▶ _Exercise objective_: Pictures excluded, reproduce exactly the lines below from the one with "The Green Erasmus" through the one with "De oproep van", both included.

▶ _Data under study_:
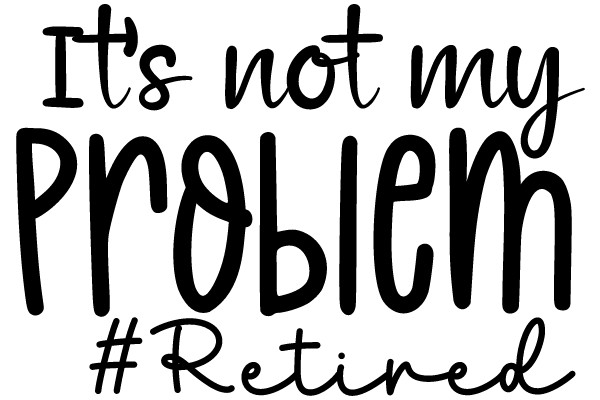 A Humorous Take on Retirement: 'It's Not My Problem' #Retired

==

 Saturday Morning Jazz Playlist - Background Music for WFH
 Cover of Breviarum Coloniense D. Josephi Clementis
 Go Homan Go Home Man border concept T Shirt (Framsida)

* * *

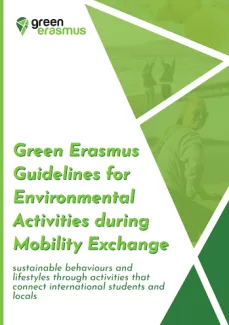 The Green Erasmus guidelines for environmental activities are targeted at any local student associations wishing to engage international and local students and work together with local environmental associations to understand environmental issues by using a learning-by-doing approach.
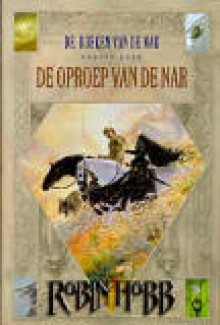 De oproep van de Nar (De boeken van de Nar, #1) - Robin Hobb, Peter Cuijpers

▶ _Written answer_:
 The Green Erasmus guidelines for environmental activities are targeted at any local student associations wishing to engage international and local students and work together with local environmental associations to understand environmental issues by using a learning-by-doing approach.
 De oproep van de Nar (De boeken van de Nar, #1) - Robin Hobb, Peter Cuijpers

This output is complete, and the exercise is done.